Re-launch of local craft beer brews up history

A U of C alum recreates Baderbrau, a Chicagoland-based pilsener that was described as “America’s best”.

By Madhu Srikantha

When Rob Sama (A.B. ’93) and Joe Berwanger finally revived Chicago-brewed Baderbräu Brewing Company, they found that they weren’t the only ones who had pined for the pale lager since its 1997 retirement.

Fans of the beer flocked downtown this past May to the Chicago Craft Beer Festival, when Baderbräu poured out the taps for the first time in more than decade.

“[One guy] came with a bubble-wrapped stemmed Baderbräu beer glass and he refused to get served with anything but that glass,” Berwanger said. When the waitress picked up his glass to fill it up with the brew to which he was so loyal, he refused. “He had to bring it up to the tap himself to fill it up.”

Since May, Sama and Berwanger have seen great success, selling 3,000 cases to Binny’s Beverage Depots across Chicago before the first brew, a testament to the the pilsener that was and remains a Chicago favorite.

“When I was in college, Baderbräu was more or less the craft beer of the time,” Sama said.

In the ’90s, Baderbräu held its own within city limits.

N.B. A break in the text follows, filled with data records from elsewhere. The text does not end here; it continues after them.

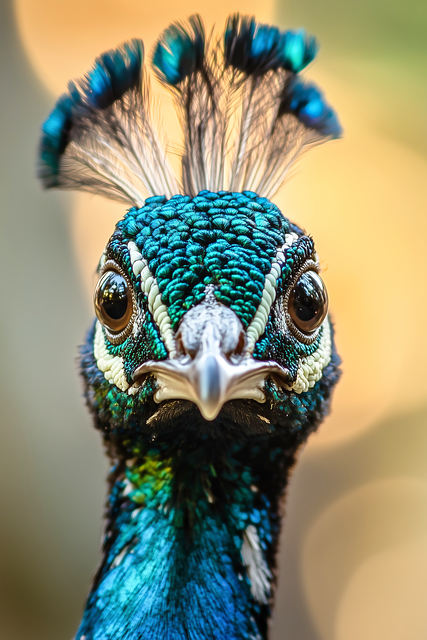 Download free HD stock image of Ai Generated Peacock Free ai generated peacock bird illustration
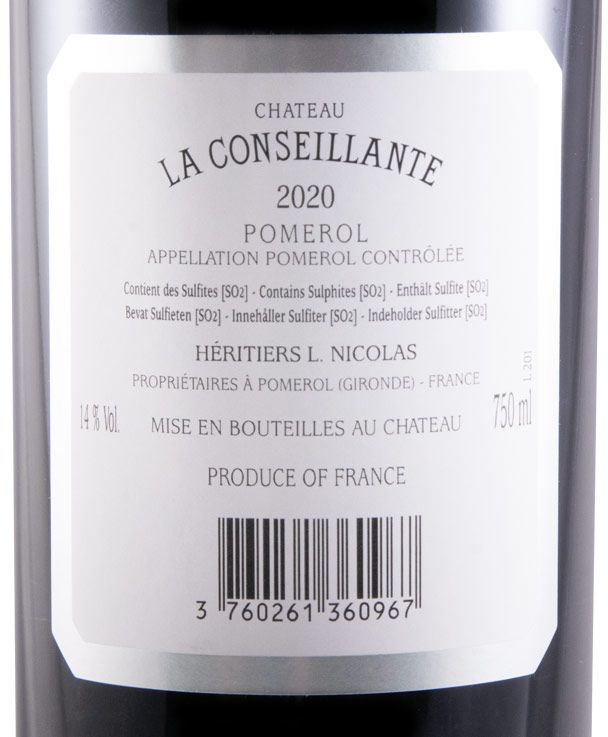 2020 Château La Conseillante Pomerol tinto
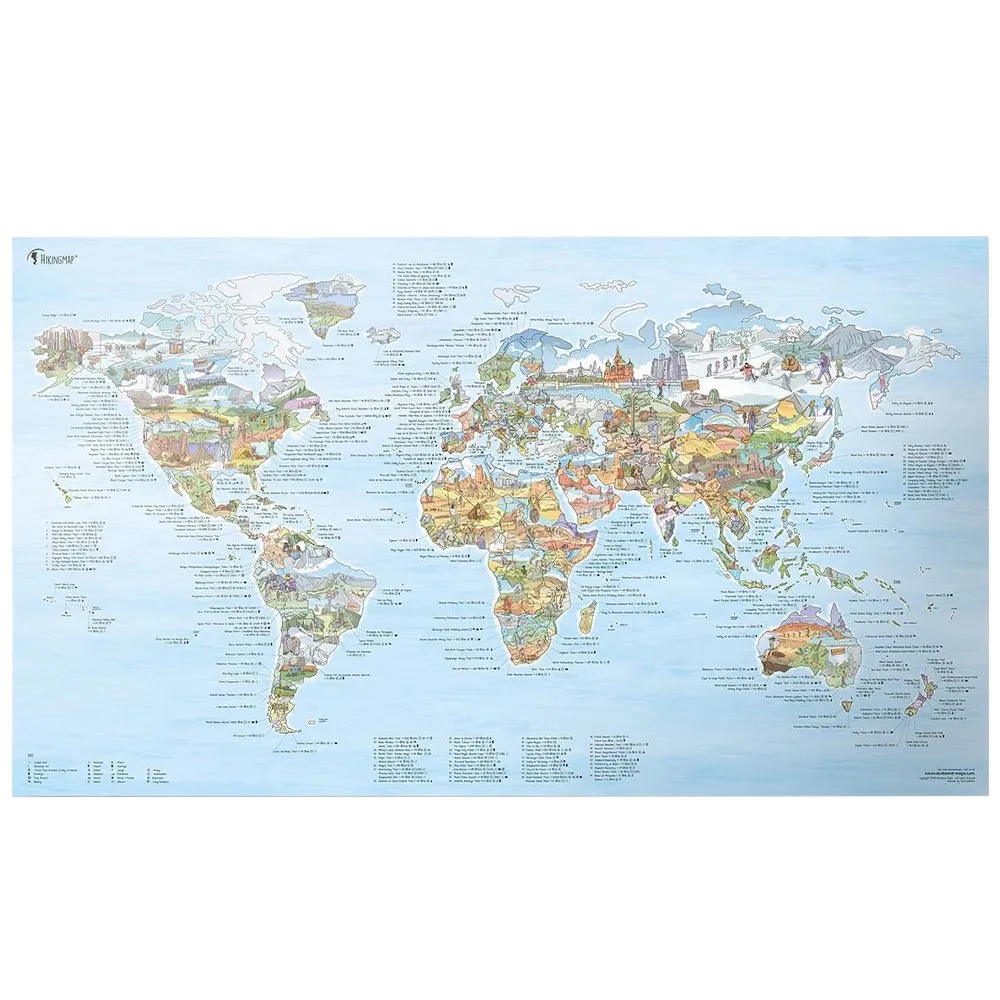 Awesome Maps Vandringskarta Världens Bästa Vandringsleder, One size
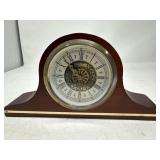 Vintage Tambour Style Mantel Clock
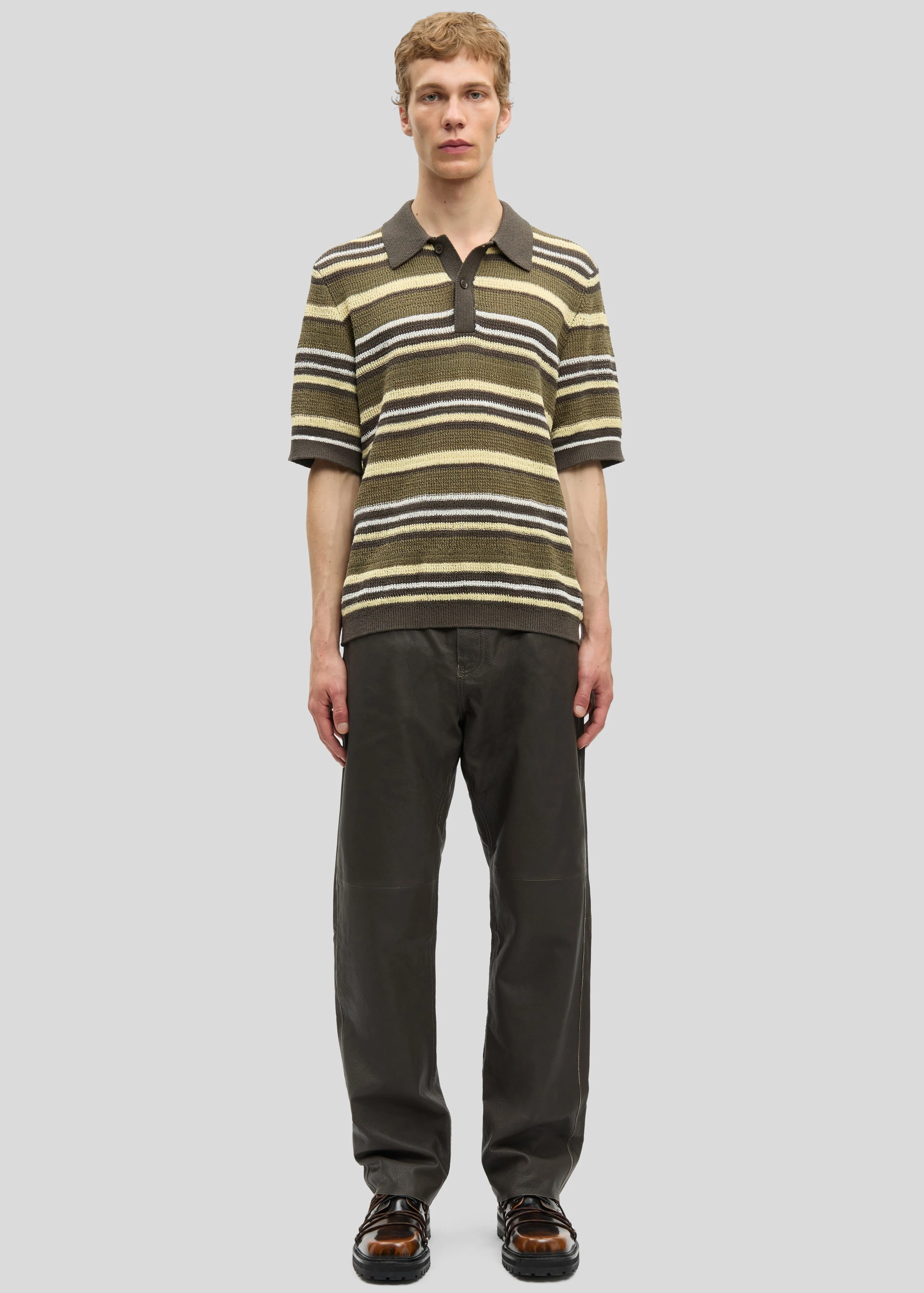 Samsøe Samsøe Samarco Polo Ss - Burnt Olive St. - Image 4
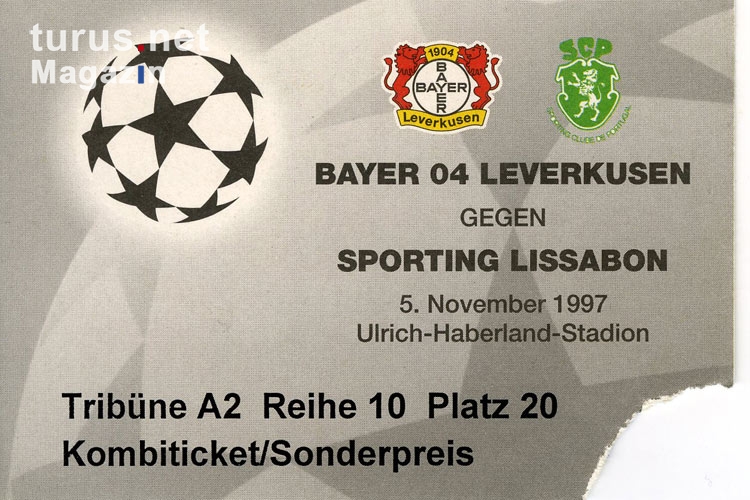 Bayer 04 Leverkusen vs. Sporting Lissabon 5.12.1997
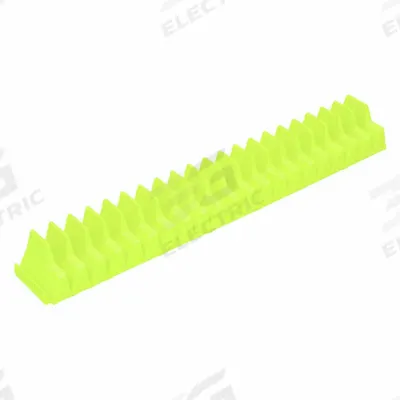 ERNST MANUFACTURING Modular Wrench Organizer for Drawer: Yellow, 2 1/4 in Overall Wd - Wrench Rolls & Racks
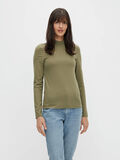 Pieces PCKYLIE LONG SLEEVED TOP, Deep Lichen Green, highres - 17115027_DeepLichenGreen_003.jpg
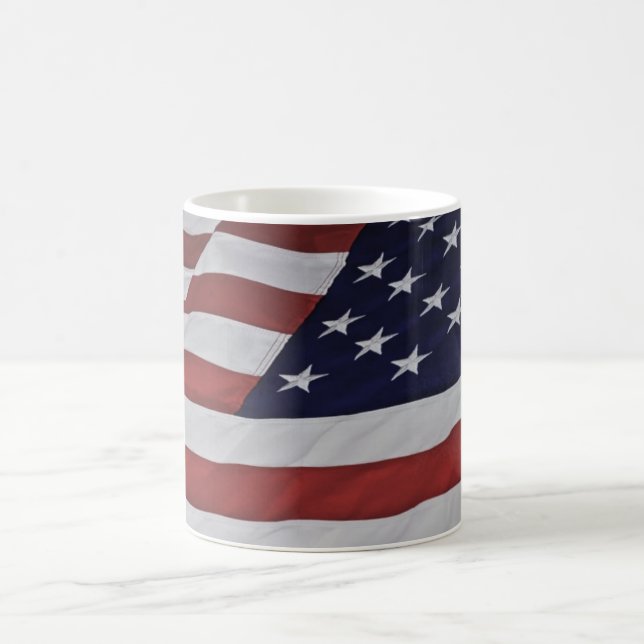 Caneca De Café USA Flag Mug (Centro)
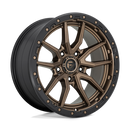 20x9 Fuel Off-Road D681 Rebel Matte Bronze Black Bead Ring 5x127 ET1 Wheel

Sama recalls attending the Taste of Chicago, where there were always three beer tents: two powerhouses of domestic beer, Miller and Budweiser, and then Baderbräu.

Back in its heyday, those who swore by Baderbräu included the German embassy of Chicago, former President George H.W Bush, and the eponymous alcoholic in the black comedy Shakes the Clown. Even among foodie circles, Baderbräu had a following, hailed by beer critic Michael Jackson as the “best pilsener [he] ever tasted in America” and served at Oprah Winfrey’s restaurant, The Eccentric.

But then in 1997, Pavichevich Brewing Company, the Elmhurst, Illinois–based brewery that created the Baderbräu trademark, went bankrupt.

Twelve years later, the journey of rediscovery began with a simple question.

“Whatever happened to Baderbräu?” Sama asked, amidst regaling tales with one of his old college roommates. The question piqued his entrepreneurial nature, and he pursued it further.

Initially working alone, Sama found that the Baderbräu trademark had just recently expired, so he bought it up with barely any hesitation. Then, he enlisted Berwanger, a Southside native and Sama’s former coworker at a New York venture capitalist firm.

“He gave me a call and said, ‘I just acquired the trademark of my favorite beer and I don’t know what to do with it,’” said Berwanger.

So Berwanger first created a paid survey for 350 Chicago beer drinkers to test out the potential for a market, and found that 40 percent remembered and missed the brew. With this knowledge, the pair began to set things in motion. First, they had to recreate the brew to live up to Baderbräu’s reputation.

After hours investigating and researching, Sama found and contacted Douglas Babcook, the creator of the pilsener. Babcook not only sent Sama the recipe, but the original yeast strain, which had been cryofrozen in a lab. Brewing and testing finally began and, during the process, Sama and Babcook exchanged samples, until they both believed the brew to be perfect.

“It’s a Czech lager, so it’s got a little bit of a bite in the front, a kind of caramel-y flavor in the middle, and a dry finish,” Berwanger said. “It’s a really nice drinking beer.”

Sama and Berwanger then began producing in larger quantities in the Southside brewery Argus. Afterward came retail, and the reception was “pretty fanatical,” Berwanger said.

“When Baderbräu went out of business, a lot of fans bought a six-pack and kept it on their shelves,” Sama said. Earlier in the relaunch process, beer lovers had started posting pictures on the Baderbräu Twitter feed of their own stocks.

“It warms my heart. It is like bringing back a piece of history that is almost gone. We’ve resurrected it,” Berwanger said.

For Sama, who used to buy the beer in Kimbark Liquors, his history with Baderbräu is more personal.

“There’s a lot of school pride in [the beer’s heritage] in my opinion,” Sama said. Not only have they received requests from the alumni hub, the Quadrangle Club, but the two will be providing Baderbrau to Homecoming and his class’ upcoming reunion in 2013.

“We called the University to see if we could make it the official beer of the U of C,” said Sama. With the beer’s Phoenix logo, the angle would certainly make sense. But, said Sama, the University is already committed to another beer brewed by another alum, Great Lakes.

Even without the University, the beer will also have a presence in Hyde Park. On October 19, The Cove Lounge on East 55th Street will be hosting a Baderbräu tasting, when they will officially begin serving it on tap.

But the journey isn’t over. Sama and Berwanger hope to own a brewery in the coming years and are already successfully finding private investors.

Berwanger pointed out that the pilsener’s resurrection is only the beginning. “Part of our brand is how the city of Chicago burned up and came from the ashes. So did the University of Chicago. So did the beer.”